• **EXERCISE INSTRUCTIONS**:
Return each line of the entries that mentions the word "show".
[THE DATA — start]
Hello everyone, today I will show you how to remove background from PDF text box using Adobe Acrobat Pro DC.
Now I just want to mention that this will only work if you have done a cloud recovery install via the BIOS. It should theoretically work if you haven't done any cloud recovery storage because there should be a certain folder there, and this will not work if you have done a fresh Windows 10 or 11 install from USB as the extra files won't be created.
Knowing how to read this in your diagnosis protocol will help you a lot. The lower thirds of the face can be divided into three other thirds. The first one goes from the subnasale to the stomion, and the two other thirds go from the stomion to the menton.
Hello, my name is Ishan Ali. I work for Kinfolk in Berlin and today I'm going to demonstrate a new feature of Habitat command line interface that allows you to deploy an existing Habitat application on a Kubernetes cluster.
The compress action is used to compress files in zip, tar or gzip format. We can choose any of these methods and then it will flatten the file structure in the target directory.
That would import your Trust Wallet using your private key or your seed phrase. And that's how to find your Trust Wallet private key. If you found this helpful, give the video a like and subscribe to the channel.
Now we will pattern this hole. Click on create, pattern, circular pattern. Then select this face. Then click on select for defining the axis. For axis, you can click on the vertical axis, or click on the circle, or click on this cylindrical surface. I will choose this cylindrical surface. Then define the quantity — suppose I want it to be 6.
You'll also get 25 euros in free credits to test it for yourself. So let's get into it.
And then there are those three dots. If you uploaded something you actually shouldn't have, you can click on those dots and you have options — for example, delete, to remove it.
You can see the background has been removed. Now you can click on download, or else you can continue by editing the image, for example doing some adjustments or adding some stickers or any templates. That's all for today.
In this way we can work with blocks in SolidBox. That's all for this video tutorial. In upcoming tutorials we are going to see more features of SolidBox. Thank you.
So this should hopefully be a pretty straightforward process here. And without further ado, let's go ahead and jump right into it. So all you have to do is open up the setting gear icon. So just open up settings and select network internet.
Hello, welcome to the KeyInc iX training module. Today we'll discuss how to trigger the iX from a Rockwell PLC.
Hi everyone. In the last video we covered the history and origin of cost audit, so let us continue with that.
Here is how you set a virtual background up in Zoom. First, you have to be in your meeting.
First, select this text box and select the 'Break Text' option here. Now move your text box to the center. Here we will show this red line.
[THE DATA — finish]
• **RESULT OF THIS EXERCISE**:
Hello everyone, today I will show you how to remove background from PDF text box using Adobe Acrobat Pro DC.
First, select this text box and select the 'Break Text' option here. Now move your text box to the center. Here we will show this red line.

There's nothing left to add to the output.